Test: Ducati Diavel (2011)
Inhoudsopgave |
---|
Test: Ducati Diavel (2011) |
Specificaties |
Fotogalerij |
Video |
Alle Ducati tests |
Het is herfst 2011 als Stadsmotor.nl de Ducati Diavel ophaalt en voor het eerst uitprobeert in Nederland. Helaas slaat kort daarna het weer om en hebben we geen Diavel-zin meer. Niet om erop te rijden, niet om erover te schrijven. Dat verandert ineens als in het nieuwe jaar de zon gaat schijnen.
We steken uiteraard de hand niet in eigen boezem en geven de schuld voor het gemak aan de Diavel, en vervolgens aan de 2012 Harley-Davidson V-Rod 10th Anniversary Edition, die we in de prille lente van 2012 mogen ophalen en uitproberen.
Waarom die?
Omdat die mikt op hetzelfde publiek: een publiek dat prijs stelt op uitbundig uiterlijk vertoon (bijvoorbeeld overdreven dikke achterbanden) en niet te belazerd is om daar dik geld voor uit te geven. Dat blijkt ook wel uit het gegeven dat er sinds de introductie van de Ducati Diavel en de Diavel Carbon half februari 2011 twee modellen bij zijn gekomen – de Cromo en de AMG – die afgezien van een afwijkend uiterlijk niets toevoegen aan het reeds bestaande model.
De prijzen?
Vanaf € 19.490 voor de standaard versie, € 21.290 voor de Cromo, vanaf € 22.590 voor de Carbon en € 28.790 voor de AMG.
€ 28.790?
€ 28.790.
Het is nog niet de prijs van een CVO™ Ultra Classic® Electra Glide® (vanaf € 43.995), maar op een CVO™ Ultra Classic® Electra Glide® zit nog een Harman Kardon® audio met Boom!™ audiokenmerken, een iPod®-poort (inclusief iPod®), een ZūMO® 660 navigatiesysteem, luchtvering, verwarmde handgrepen, verwarmd zadel, elektronische cruise control en nog zo wat van die dingen die het leven op de lange baan aangenaam maken.

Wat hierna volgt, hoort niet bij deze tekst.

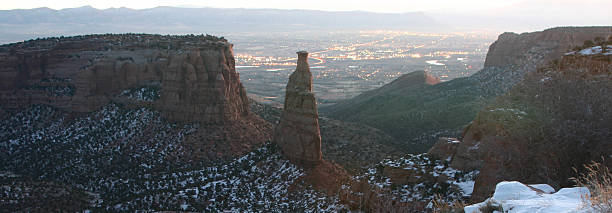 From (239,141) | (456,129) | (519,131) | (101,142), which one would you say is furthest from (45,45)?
(519,131)

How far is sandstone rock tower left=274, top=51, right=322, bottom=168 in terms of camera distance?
96.4ft

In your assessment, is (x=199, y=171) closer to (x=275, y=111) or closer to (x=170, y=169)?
(x=170, y=169)

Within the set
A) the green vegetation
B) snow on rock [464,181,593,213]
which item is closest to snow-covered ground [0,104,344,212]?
snow on rock [464,181,593,213]

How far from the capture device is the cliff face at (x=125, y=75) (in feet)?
127

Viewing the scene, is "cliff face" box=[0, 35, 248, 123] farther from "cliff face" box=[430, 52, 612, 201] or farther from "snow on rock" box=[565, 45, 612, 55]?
"snow on rock" box=[565, 45, 612, 55]

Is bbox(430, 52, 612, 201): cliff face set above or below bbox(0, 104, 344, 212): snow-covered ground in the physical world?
above

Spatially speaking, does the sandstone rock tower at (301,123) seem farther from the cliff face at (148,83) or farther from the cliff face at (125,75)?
the cliff face at (125,75)

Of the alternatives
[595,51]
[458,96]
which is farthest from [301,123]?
[458,96]

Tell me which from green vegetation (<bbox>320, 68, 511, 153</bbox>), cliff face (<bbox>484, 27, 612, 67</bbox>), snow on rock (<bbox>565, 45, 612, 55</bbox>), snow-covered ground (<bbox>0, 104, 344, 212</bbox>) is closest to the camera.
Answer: snow on rock (<bbox>565, 45, 612, 55</bbox>)

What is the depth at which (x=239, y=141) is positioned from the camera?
3750 centimetres

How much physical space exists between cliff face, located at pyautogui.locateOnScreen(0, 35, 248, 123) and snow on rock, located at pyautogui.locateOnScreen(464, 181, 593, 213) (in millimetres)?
29999

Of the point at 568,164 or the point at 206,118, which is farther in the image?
the point at 206,118

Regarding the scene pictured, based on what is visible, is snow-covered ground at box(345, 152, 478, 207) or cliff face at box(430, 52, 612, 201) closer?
cliff face at box(430, 52, 612, 201)

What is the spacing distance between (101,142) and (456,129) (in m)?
31.4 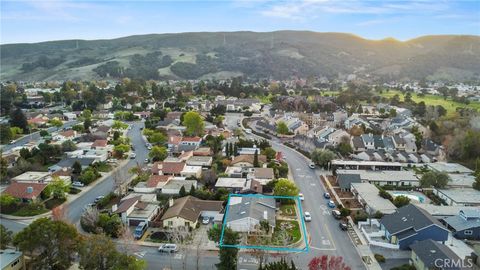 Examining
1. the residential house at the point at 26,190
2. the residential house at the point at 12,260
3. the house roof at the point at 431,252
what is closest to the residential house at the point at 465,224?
the house roof at the point at 431,252

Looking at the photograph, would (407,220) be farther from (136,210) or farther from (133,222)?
(136,210)

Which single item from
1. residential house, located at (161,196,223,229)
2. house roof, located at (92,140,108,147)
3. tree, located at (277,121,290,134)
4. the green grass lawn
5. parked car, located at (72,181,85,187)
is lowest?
parked car, located at (72,181,85,187)

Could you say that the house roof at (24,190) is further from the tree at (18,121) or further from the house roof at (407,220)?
the tree at (18,121)

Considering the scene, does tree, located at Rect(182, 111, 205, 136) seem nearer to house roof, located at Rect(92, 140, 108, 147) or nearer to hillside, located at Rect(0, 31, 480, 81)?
house roof, located at Rect(92, 140, 108, 147)

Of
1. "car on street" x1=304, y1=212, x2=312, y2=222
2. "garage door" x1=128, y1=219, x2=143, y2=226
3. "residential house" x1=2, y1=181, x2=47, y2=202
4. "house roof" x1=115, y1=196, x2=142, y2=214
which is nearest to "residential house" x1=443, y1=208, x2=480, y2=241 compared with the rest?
"car on street" x1=304, y1=212, x2=312, y2=222

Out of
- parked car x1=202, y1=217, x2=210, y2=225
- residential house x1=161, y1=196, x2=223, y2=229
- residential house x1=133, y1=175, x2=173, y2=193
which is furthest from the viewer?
residential house x1=133, y1=175, x2=173, y2=193

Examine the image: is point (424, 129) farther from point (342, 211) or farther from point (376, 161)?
point (342, 211) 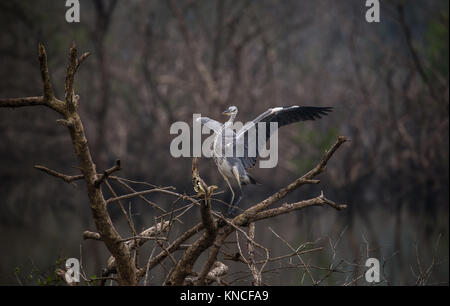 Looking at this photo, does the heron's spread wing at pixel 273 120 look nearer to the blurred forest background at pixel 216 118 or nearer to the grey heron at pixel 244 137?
the grey heron at pixel 244 137

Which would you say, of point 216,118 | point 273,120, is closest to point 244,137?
point 273,120

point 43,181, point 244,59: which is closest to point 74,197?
point 43,181

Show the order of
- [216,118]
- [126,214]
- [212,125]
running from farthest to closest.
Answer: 1. [216,118]
2. [212,125]
3. [126,214]

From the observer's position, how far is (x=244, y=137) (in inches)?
194

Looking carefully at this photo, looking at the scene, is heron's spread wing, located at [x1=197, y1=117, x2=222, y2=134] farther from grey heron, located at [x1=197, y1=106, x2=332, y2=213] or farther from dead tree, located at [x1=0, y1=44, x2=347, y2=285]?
dead tree, located at [x1=0, y1=44, x2=347, y2=285]

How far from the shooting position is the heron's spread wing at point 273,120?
469cm

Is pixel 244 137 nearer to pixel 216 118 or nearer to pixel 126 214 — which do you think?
pixel 126 214

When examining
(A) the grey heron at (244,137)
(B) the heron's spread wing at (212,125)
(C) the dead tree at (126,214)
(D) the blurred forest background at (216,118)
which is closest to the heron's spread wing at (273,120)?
(A) the grey heron at (244,137)

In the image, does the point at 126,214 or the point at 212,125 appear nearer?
the point at 126,214

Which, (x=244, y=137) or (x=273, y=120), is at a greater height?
(x=273, y=120)

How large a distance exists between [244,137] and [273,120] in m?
0.31

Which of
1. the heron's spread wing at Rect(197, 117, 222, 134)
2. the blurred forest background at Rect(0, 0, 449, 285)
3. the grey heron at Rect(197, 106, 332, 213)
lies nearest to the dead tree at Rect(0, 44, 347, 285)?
the grey heron at Rect(197, 106, 332, 213)

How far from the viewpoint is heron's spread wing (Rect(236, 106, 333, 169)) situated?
4.69 meters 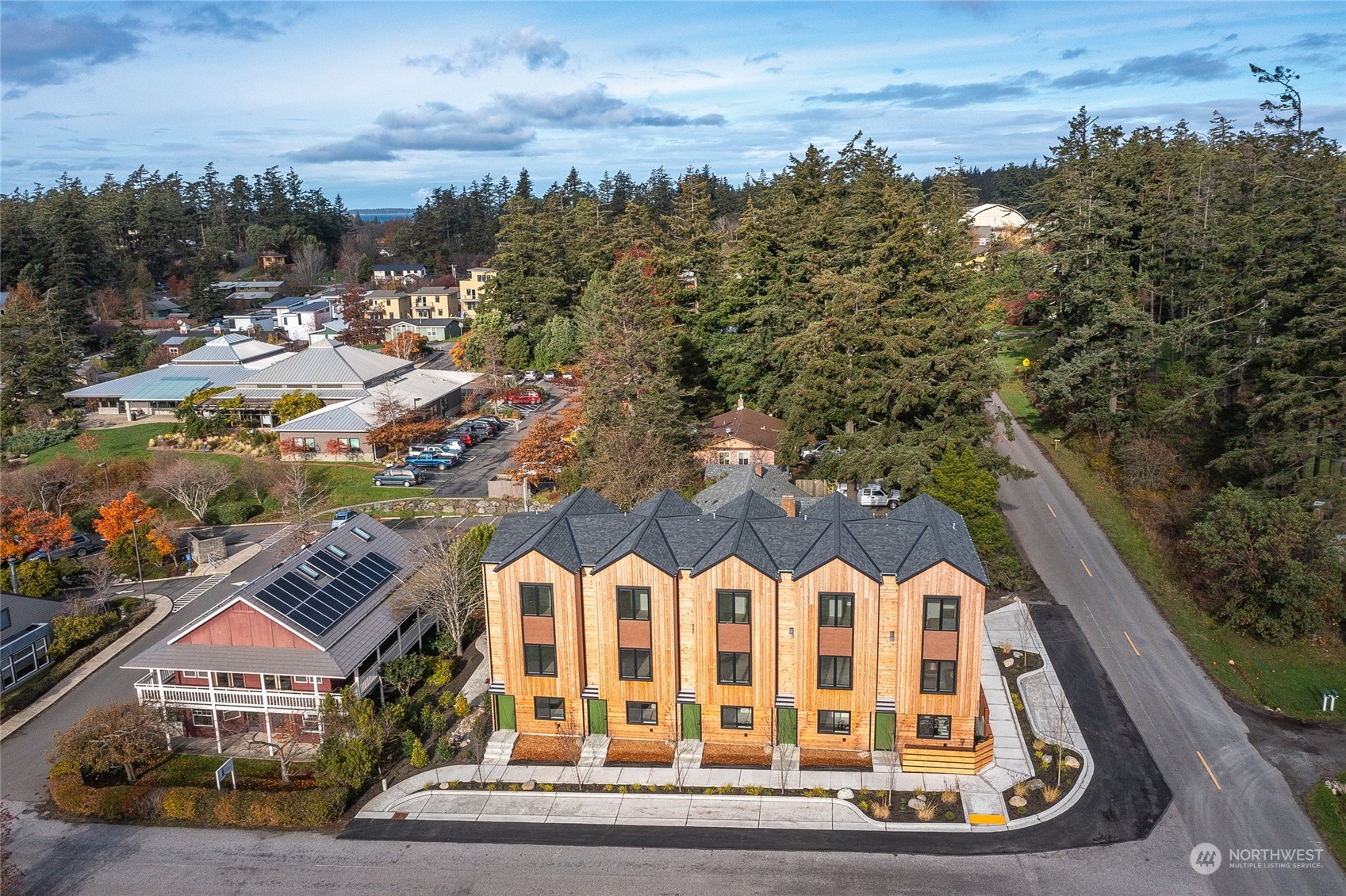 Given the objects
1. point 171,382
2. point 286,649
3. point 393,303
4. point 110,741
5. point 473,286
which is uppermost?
point 473,286

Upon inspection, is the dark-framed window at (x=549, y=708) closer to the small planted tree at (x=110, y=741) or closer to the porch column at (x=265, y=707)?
the porch column at (x=265, y=707)

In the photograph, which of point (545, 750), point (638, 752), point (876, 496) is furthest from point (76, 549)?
point (876, 496)

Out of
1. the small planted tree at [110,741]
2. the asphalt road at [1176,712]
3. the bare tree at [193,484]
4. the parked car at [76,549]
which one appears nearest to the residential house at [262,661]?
the small planted tree at [110,741]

Dat krijg je bij de Diavel dus allemaal niet, want we hebben het over een naked bike/sport-custom, waarvan de kenmerken juist zijn dat er zo weinig mogelijk overbodigs op zit.
Maar als er zo weinig op zit, waarom moet dat dan zo veel kosten?
Bedoelende: het blok van de Diavel is de bekende 1200 Testastretta 11° V-twin en die vinden we al in de Multistrada, vanaf € 18.090. Ook niet echt een koopje, maar daar kun je nog met z'n tweeën mee op vakantie, en dat ga je op de Diavel echt niet proberen als je prijs stelt op de relatie. Niet voor niets heeft Ducati de voetsteuntjes en handgreep voor de passagier dusdanig listig verstopt dat de Diavel op het oog een solomotor lijkt. Er kan iemand achter op, maar die gaat jou niet aardig vinden, zeker niet als je het gas opentrekt en hij/zij op straat ligt.
En alleen de file in?
Pfieuw. Zoals geschreven bij de introductie van de Diavel heeft men alles in het werk gesteld om het geweld van het 162 pk sterke blok in goede banen te leiden, bijvoorbeeld door naast de Sport- en Touring-stand ook een Urban-stand aan te bieden met waakhonden als tractiecontrole en abs paraat om in te grijpen als het dan tot 100 pk gedrukte vermogen toch te veel blijkt te zijn in de strijd tussen de banden en de ondergrond. (Zie daartoe vooral de video's onderaan deze test.)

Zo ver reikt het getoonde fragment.